TASK TO CARRY OUT:
Nothing but the lines from the first line of the records below to the line holding "AVON - Marisa, Independent" belongs in the answer, copied exactly and without pictures.

(Data entries)
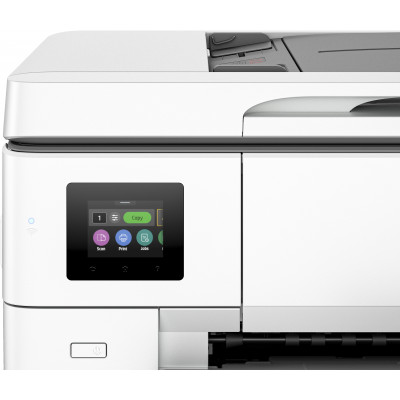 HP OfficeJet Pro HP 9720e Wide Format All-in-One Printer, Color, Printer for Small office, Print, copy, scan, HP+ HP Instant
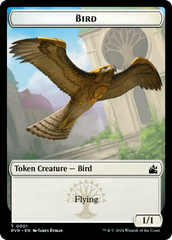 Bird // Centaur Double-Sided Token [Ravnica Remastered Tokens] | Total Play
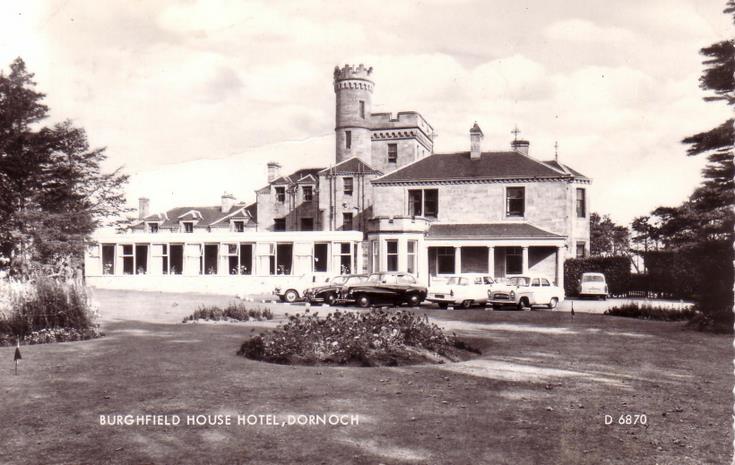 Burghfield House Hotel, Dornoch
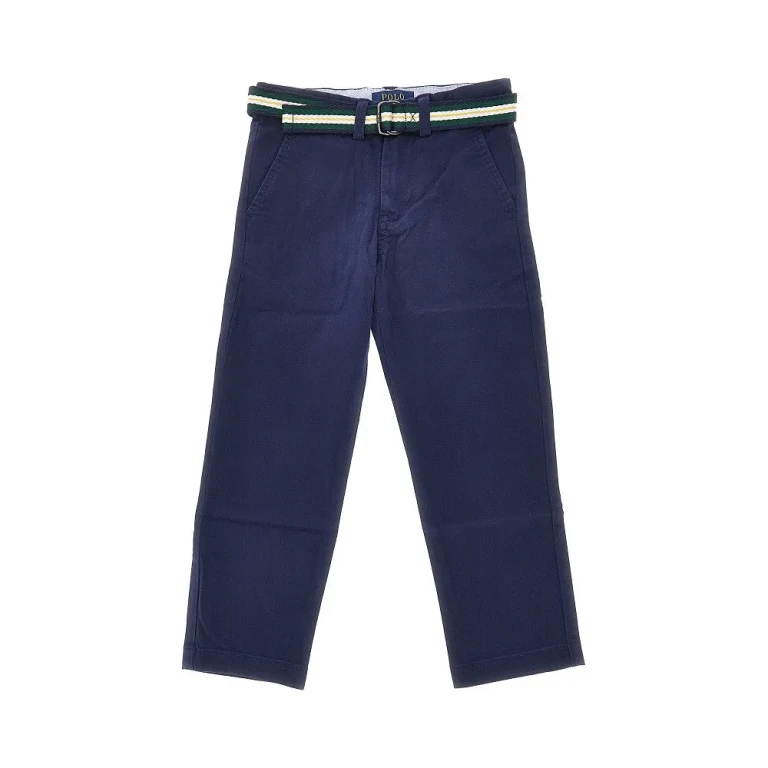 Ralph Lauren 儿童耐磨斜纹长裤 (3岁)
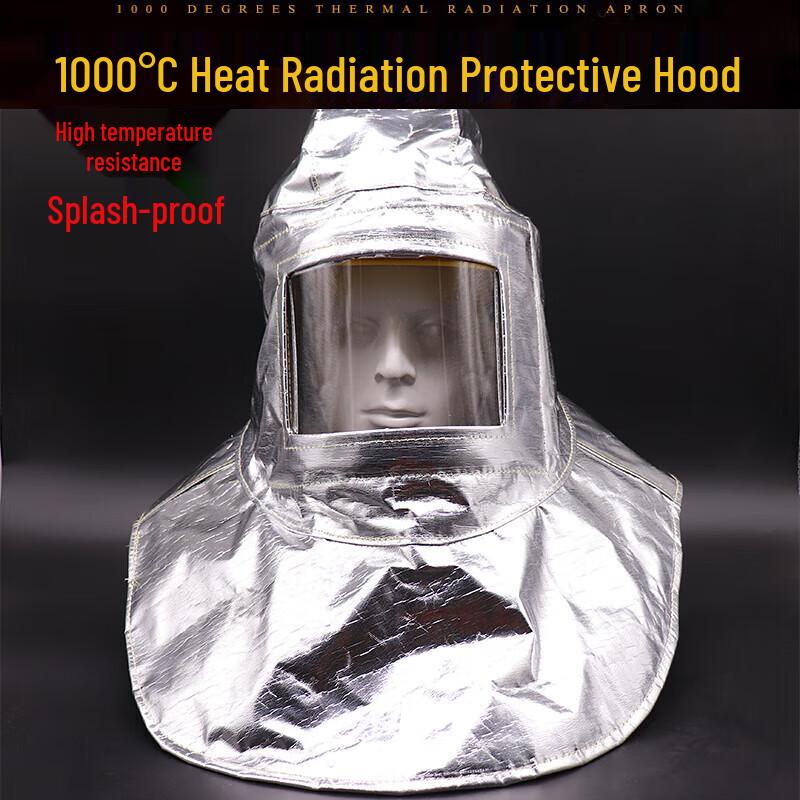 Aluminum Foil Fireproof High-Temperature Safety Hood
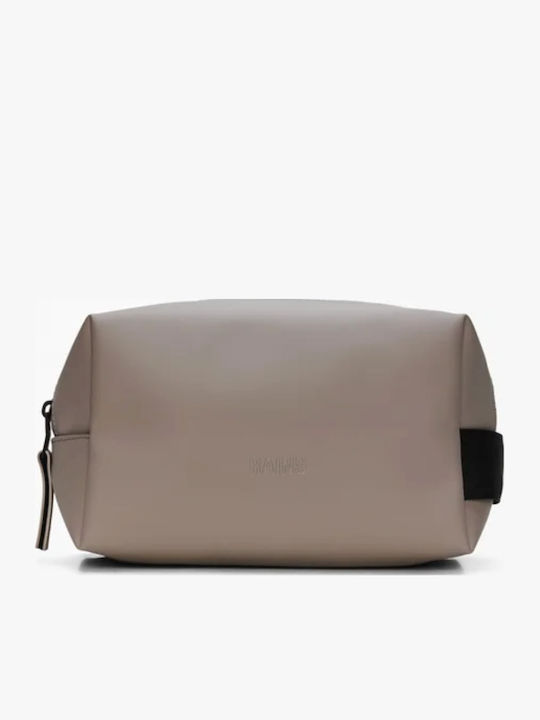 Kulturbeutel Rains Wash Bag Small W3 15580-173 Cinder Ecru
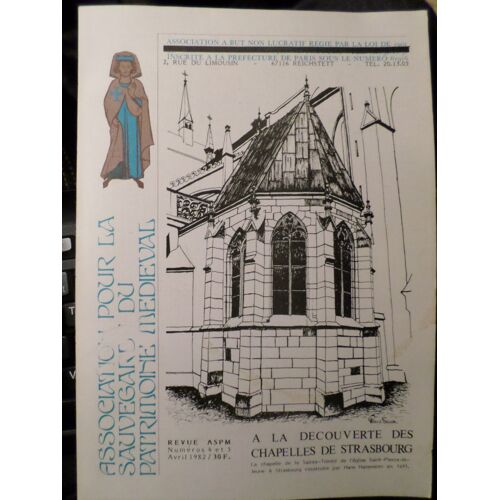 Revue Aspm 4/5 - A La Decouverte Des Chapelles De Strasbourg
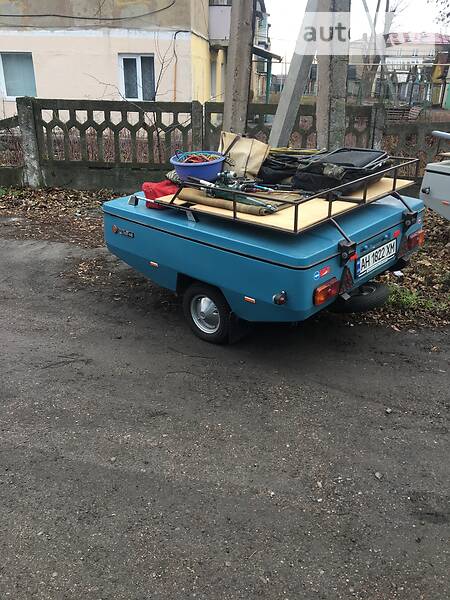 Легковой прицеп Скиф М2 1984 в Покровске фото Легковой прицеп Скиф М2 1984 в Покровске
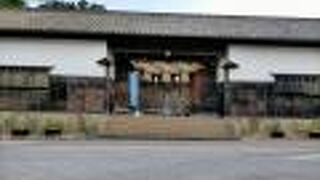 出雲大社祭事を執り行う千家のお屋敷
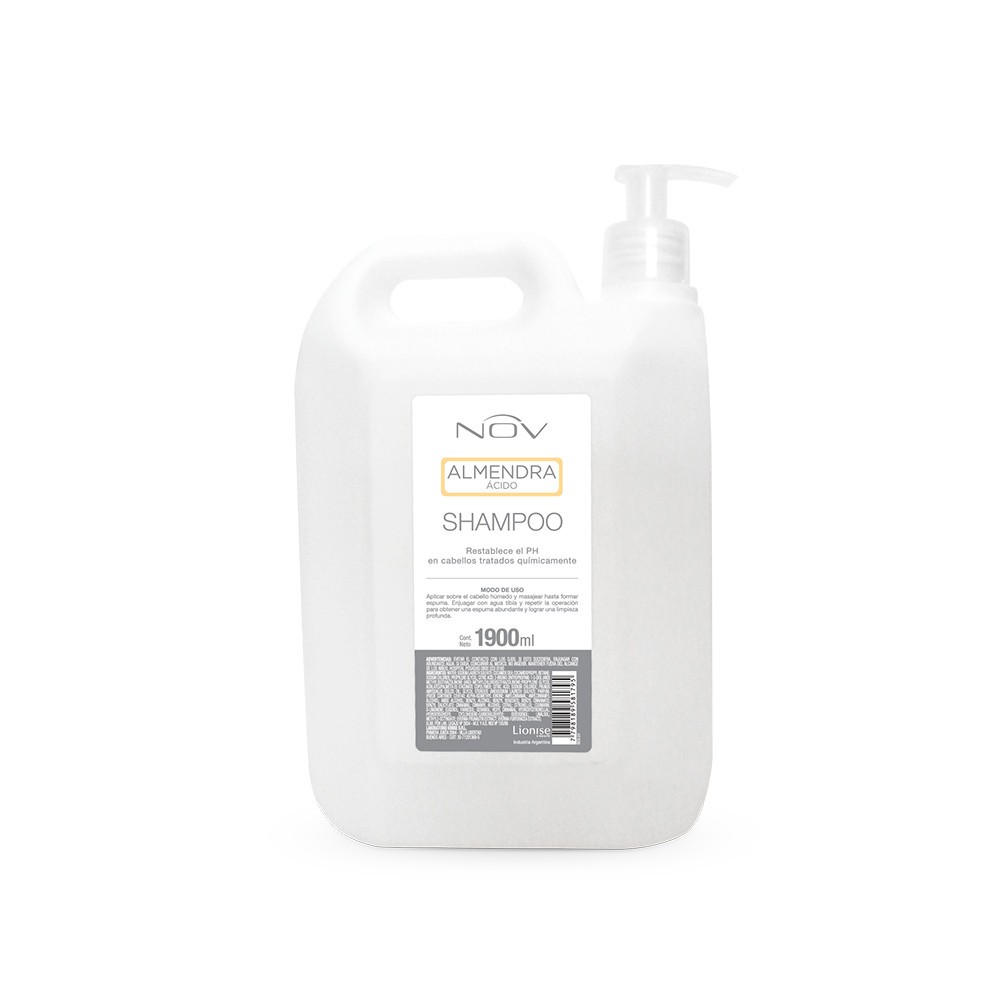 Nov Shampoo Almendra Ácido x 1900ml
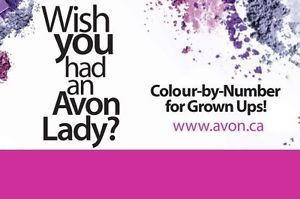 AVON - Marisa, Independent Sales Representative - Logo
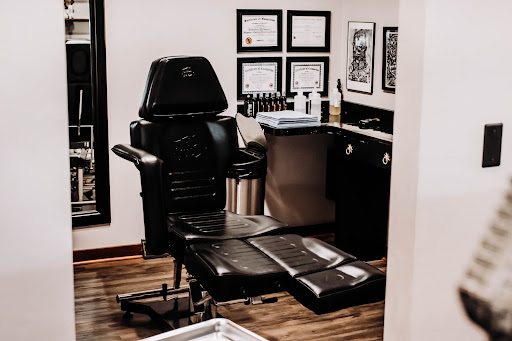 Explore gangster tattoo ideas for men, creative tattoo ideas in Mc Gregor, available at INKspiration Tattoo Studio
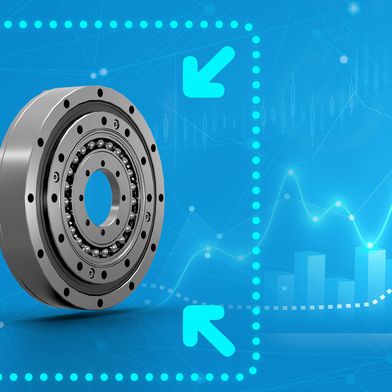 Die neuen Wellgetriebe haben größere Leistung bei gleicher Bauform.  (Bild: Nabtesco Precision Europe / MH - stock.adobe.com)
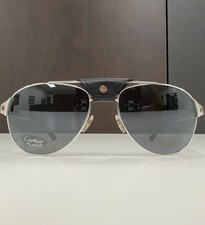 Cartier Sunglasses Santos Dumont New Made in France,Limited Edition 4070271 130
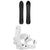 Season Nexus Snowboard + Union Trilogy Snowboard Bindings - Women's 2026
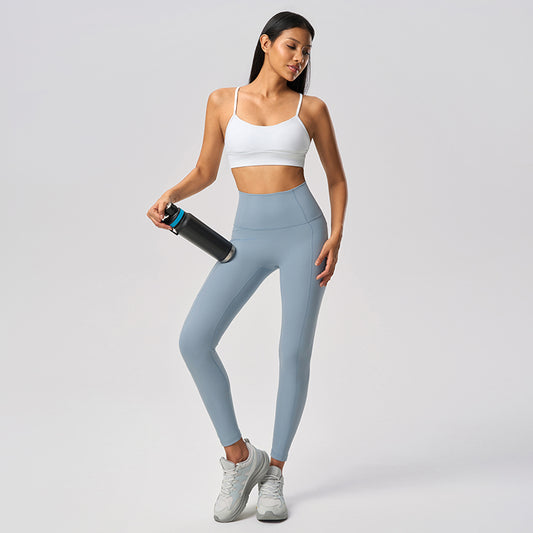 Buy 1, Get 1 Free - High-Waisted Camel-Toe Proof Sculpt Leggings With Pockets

ANSWER SPACE:
 HP OfficeJet Pro HP 9720e Wide Format All-in-One Printer, Color, Printer for Small office, Print, copy, scan, HP+ HP Instant
 Bird // Centaur Double-Sided Token [Ravnica Remastered Tokens] | Total Play
 Burghfield House Hotel, Dornoch
 Ralph Lauren 儿童耐磨斜纹长裤 (3岁)
 Aluminum Foil Fireproof High-Temperature Safety Hood
 Kulturbeutel Rains Wash Bag Small W3 15580-173 Cinder Ecru
 Revue Aspm 4/5 - A La Decouverte Des Chapelles De Strasbourg
 Легковой прицеп Скиф М2 1984 в Покровске фото Легковой прицеп Скиф М2 1984 в Покровске
 出雲大社祭事を執り行う千家のお屋敷
 Nov Shampoo Almendra Ácido x 1900ml
 AVON - Marisa, Independent Sales Representative - Logo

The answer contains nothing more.